_Task prompt_
Leaving out the images, please reproduce each line below exactly.

++++ The data

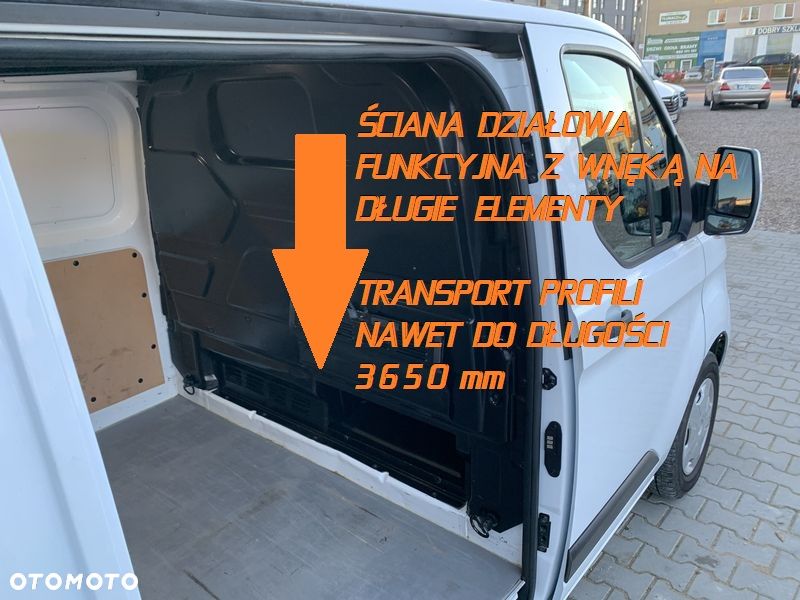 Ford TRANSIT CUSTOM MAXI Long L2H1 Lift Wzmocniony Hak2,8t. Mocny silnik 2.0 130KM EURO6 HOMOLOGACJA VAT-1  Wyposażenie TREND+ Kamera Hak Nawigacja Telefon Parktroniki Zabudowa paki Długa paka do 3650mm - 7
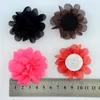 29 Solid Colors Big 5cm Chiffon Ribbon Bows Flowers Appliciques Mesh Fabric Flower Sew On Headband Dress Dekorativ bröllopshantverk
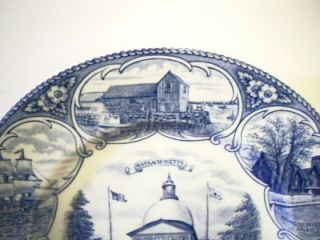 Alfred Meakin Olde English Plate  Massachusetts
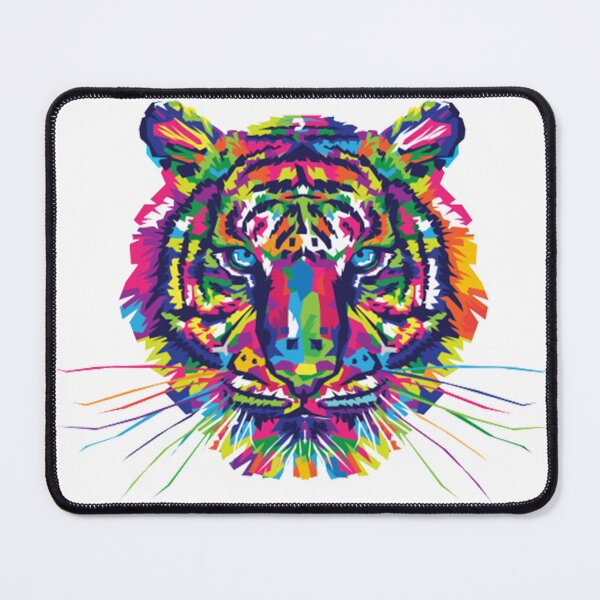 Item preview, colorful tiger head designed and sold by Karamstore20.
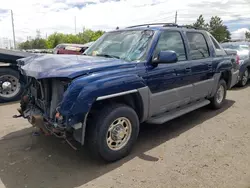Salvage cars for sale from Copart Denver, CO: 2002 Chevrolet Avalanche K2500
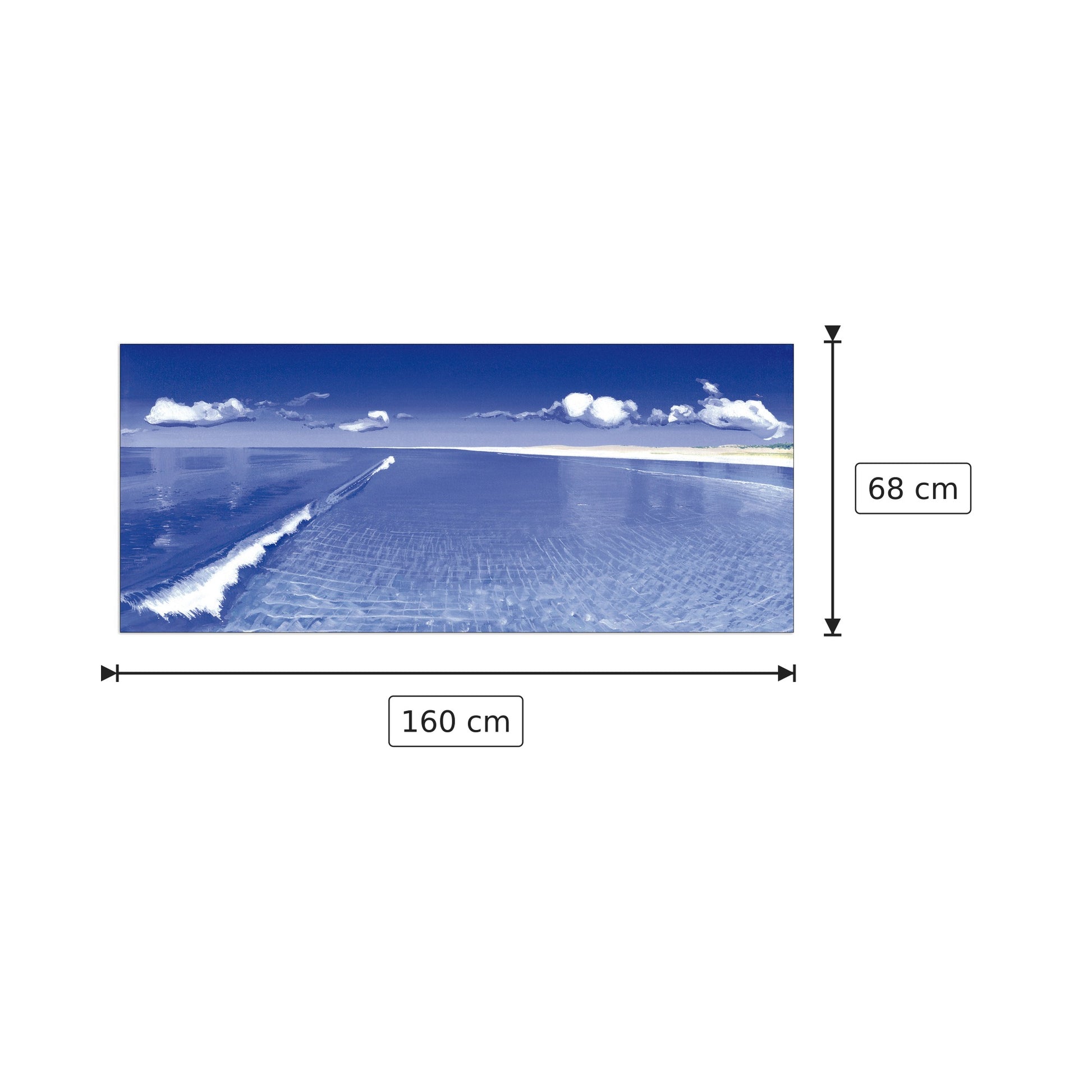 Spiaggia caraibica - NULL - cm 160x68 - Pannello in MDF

++++++++

_Solution to the problem_
 Ford TRANSIT CUSTOM MAXI Long L2H1 Lift Wzmocniony Hak2,8t. Mocny silnik 2.0 130KM EURO6 HOMOLOGACJA VAT-1  Wyposażenie TREND+ Kamera Hak Nawigacja Telefon Parktroniki Zabudowa paki Długa paka do 3650mm - 7
 29 Solid Colors Big 5cm Chiffon Ribbon Bows Flowers Appliciques Mesh Fabric Flower Sew On Headband Dress Dekorativ bröllopshantverk
 Alfred Meakin Olde English Plate  Massachusetts
 Item preview, colorful tiger head designed and sold by Karamstore20.
Salvage cars for sale from Copart Denver, CO: 2002 Chevrolet Avalanche K2500
 Spiaggia caraibica - NULL - cm 160x68 - Pannello in MDF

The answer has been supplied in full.